Yesterday I was sitting in a bar (yes, a bar) eating some fish and chips and watching a soccer game when I had a conversation with a white male about Portland, DC, and several other things. He asked what I’d accomplished in DC since being there and what I still wanted to do. I mentioned a few of the things I had done and how I was bummed I hadn't visited some of the historic monuments, specifically the MLK Jr. memorial and the exact location of his, “I have a dream speech”. I took the trip to DC for fun, however, I was looking to have a moment in such a historical place to remind myself of who fought before me.
After finishing saying this location the man responded to me by telling me how he doesn’t visit the location of the March on Washington anymore because of Trump. In his own words, "it reminded him of all the bullshit going on in America". I'll be honest, I understood what he was saying no doubt but as I listened to him, not everything he was saying I fully understood, so I felt compelled to respond. I simply said back, “yeah, things definitely suck, but you know it’s interesting, because as messed up as things are and as angry as things make me about the decisions being made by people in office, I really want to go there because I need that hope. I need to envision that day, MLK Jr.’s speech. I see hope when I stand where someone like him and thousands like me and not like me stood. You’re fortunate you know, that you can choose to be angry and not show up. However, if I choose anger, if people like me always choose anger over showing up, the legacy of those before us dies in our anger. If you’re not showing up and I’m not showing up, then that monument is just a “statue” with no meaning”.
I don’t recall my exact words in that moment but it was something like that, but ultimately we ended up having a good conversation about privilege and how myself and my brothers and sisters often times have to choose to see hope in not so great situations and how burdensome that can be.

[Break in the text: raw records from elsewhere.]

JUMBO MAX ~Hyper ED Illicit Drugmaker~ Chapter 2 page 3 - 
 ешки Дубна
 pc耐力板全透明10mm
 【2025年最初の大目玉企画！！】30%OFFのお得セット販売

This conversation just brought into perspective how easy it can be to step back rather than press in by showing up. So today I want to challenge my white brothers and sisters to step into the discomfort of being uncomfortable. To just show up and choose to remind yourself of the significance and importance of such places. To realize that if a Black man and his Black colleagues in Jim Crow South can gather thousands of people together and sing and dream blocks from an administration struggling to determine if they deserve basic civil and human rights and fast forward decades later and that area can still symbolize so strongly hope and liberation in the heart of a nations capital amidst racist ideologies, you as a white american can do something, just like MLK Jr. and so many others did something without even having or possessing the key ingredient that allows one access to all that American constitutional rights affords...privilege.